The partnership relation is one of mutual agency (Carter v. Tucker, 205 Ky. 438, 266 S. W. 9; Geo. Bohon Co. v. Moren & Sipple, 151 Ky. 811, 152 S. W. 944; Chambers v. Johnston, 180 Ky. 73, 201 S. W. 488), and so long as the active partner with whom the claimants contracted is living, all are competent witnesses to prove such facts. On the contrary, if the active agent is dead,, parties may not testify for themselves as to any conversations or transactions with the deceased agent. Harpending v. Daniel, 80 Ky. 449; Mutual Life Ins. Co. v. O’Neil, 116 Ky. 742, 76 S. W. 839, 25 Ky. Law Rep. 983; Anderson v. L. & N. R. Co., 134 Ky. 343, 120 S. W. 298, 20 Ann. Cas. 920; C. N. O. & T. P. R. Co. v. Martin, 146 Ky. 260, 142 S. W. 410. The testimony was uncontradicted that the money was borrowed by A. D. Ross in the conduct of the business which was afterwards adjudged to be a partnership business. No question is made as to the validity of the debts. No proof was offered tending to suggest that they were the personal debts of A. D. Ross apart from the business in which he and his grandfather were engaged. Indeed, the testimony shows that the money borrowed from the bank was used to build a house on the partnership lands. The evidence is not vague or uncertain, but positive and direct, and there is nothing at all to indicate a contrary conclusion. We think the commissioner’s report was fully sustained by the evidence and that the circuit court erred in sustaining the exceptions to it.

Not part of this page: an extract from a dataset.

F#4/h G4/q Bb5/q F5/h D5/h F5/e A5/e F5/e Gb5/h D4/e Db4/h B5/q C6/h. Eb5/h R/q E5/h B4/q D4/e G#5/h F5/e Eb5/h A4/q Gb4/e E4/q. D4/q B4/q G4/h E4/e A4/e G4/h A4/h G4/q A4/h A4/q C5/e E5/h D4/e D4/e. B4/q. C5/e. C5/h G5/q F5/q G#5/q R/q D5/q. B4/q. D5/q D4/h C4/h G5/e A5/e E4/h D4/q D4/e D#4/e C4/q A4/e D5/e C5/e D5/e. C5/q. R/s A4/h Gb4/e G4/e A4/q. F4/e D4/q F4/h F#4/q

But it is argued that even though the money was borrowed by A. D. Ross for the purpose and actually used in the partnership business, it is nevertheless an individual debt because the credit was extended to him and his notes were taken to evidence the contract. It has been noted that when the obligations were created A. D. Ross was acting in his individual capacity as owner of the property and manager of the business and the title to the property was in him. But when it was determined that it was a partnership business, his acts respecting it became partnership transactions. The fact of the partnership is the essential»thing, and the name in which the business was transacted is wholly immaterial. Faris v. Cook, 110 Ky. 867, 62 S. W. 1043, 63 S. W. 600, 23 Ky. Law Rep. 328. It is not a case where a person borrows money and gives his note therefor to invest in a partnership. Nor is it an attempt to hold a partnership liable for the personal debt of a partner. It comes within the rule that where a party does business with an agent for an undisclosed principal and afterwards discovers the principal, he may hold the principal for the debt. Geary v. Taylor, 166 Ky. 501, 179 S. W. 426. In this instance A. D. Ross, as it later turned out, was acting as agent for a firm, and the creditors had a right to hold the firm responsible. The true relationship of all parties to the transactions had to be shown. The form of the transactions could not be disregarded for the purpose of taking the assets, and maintained for the purpose of defeating the debts. Winston & Co. v. Clark County Construction Co., 186 Ky. 748, 217 S. W. 1027; Walker v. Walker, 228 Ky. 357, 15 S. W. (2d) 298.

It is apparent that the circuit court erred in disallowing the three claims mentioned. They should be paid from the funds arising from the firm assets.

The judgment is reversed for proceedings consistent with this opinion.